-- STORED DATA follows --
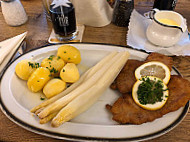 Cafe-Restaurant Strepp food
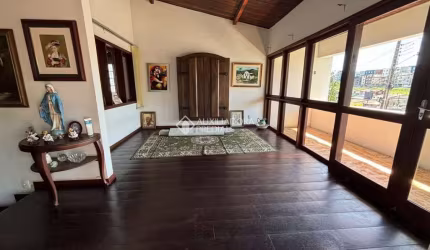 Casa com 3 quartos à venda na Rua Pascoal Simone, 815, Coqueiros, Florianópolis, 180 m2 por R$ 2.698.000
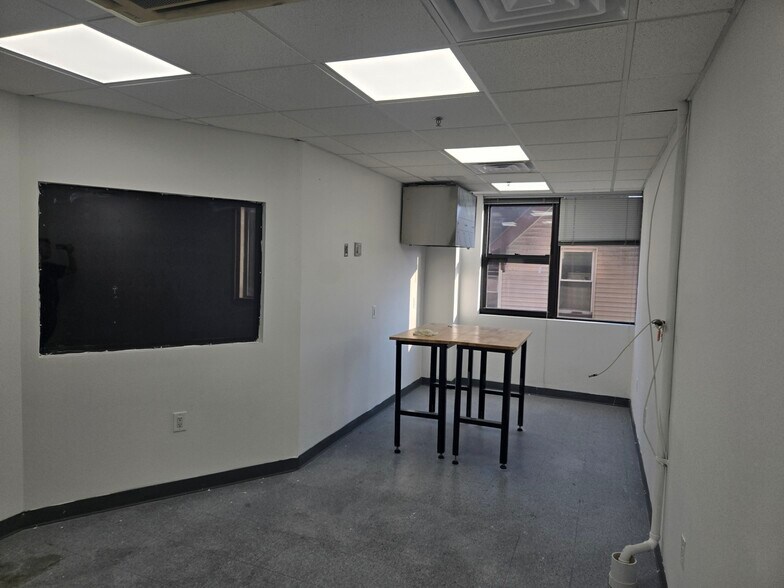 More Photos Of 669 Broad Ave, Ridgefield Medical For Lease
-- STORED DATA concluded --
The reply should contain every line of the material exactly, and no images.

§ OUTPUT FOR THIS TASK
 Cafe-Restaurant Strepp food
 Casa com 3 quartos à venda na Rua Pascoal Simone, 815, Coqueiros, Florianópolis, 180 m2 por R$ 2.698.000
 More Photos Of 669 Broad Ave, Ridgefield Medical For Lease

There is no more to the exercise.